Narrativa #4 - Culto ao Leviatã

   A madrugada silenciosa dos portos estava tão tranquila quanto sempre, sua quietude abalada apenas pelo som das ondas se chocando contra o cais. O frio formava uma densa névoa sobre a água, que se erguia do Lago Comprido como uma neblina úmida, cobrindo toda a Baixada.

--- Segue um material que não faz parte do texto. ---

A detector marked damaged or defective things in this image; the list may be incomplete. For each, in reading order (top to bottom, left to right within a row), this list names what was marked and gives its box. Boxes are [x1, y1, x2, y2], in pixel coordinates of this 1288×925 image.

   Sozinho no Armazém 12, Irvin amaldiçoava seu chefe e a família deste, rogando pragas silenciosas enquanto desencaixotava sacas de milho. Tiritava de frio sob o gibão de peles, esfregando as orelhas para aquecê-las.
   A lua crescente desapareceu atrás de pesadas nuvens, obrigando-o a parar e acender mais lamparinas para dispersar a escuridão, mas as trevas daquela noite pareciam mais densas, mais frias, quase maléficas, pesando sobre ele... Os pingos pesados da chuva cessaram suas reflexões, jogando-o de volta ao mau humor de antes.
   Terminou o serviço praticamente abraçado à uma lamparina, tentando livrar-se do frio que penetrava por suas roupas molhadas. Trancou o armazém, apressando os passos para encontrar sua cama o quanto antes, quando ouviu sons gorgolejantes e o som de vozes se perdendo na neblina.
   Estranhou, com bons motivos, a presença de pessoas ali, ainda que ele mesmo estivesse trabalhando até tão tarde no cais.

   “Quem, pelo Abismo, está aqui fora num frio desgraçado desses?!”, pensou ele. "Outro fodido."

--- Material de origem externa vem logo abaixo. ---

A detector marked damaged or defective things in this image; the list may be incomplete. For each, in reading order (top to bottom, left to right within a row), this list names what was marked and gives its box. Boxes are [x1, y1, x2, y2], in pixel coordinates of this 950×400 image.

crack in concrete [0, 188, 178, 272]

   Irvin estreitou os olhos, esticando a mão que segurava a lamparina e caminhando na direção da água. O som gorgolejante se tornou mais audível e o jovem apressou o andar, olhando para a água e temendo que alguém estivesse se afogando ali perto, escondido pela neblina.
   Se aproximou com um nó na garganta, sem saber bem o que esperar, mas atraído por uma curiosidade que lhe era estranha. Temeu, por um segundo, encontrar apenas o cadáver gélido de um conhecido.
   Então, paralelo ao gorgolejar incessante, ouviu vozes rudes murmurando algo que não compreendia. O cântico se tornou mais nítido confirme o jovem se aproximava, então cessou repentinamente, junto com o som que o havia deixado tão inquieto. Saltou a grade que bloqueava a passagem para o quebra-mar, estacando ao aterrissar do outro lado. Ficou completamente abismado com o que via.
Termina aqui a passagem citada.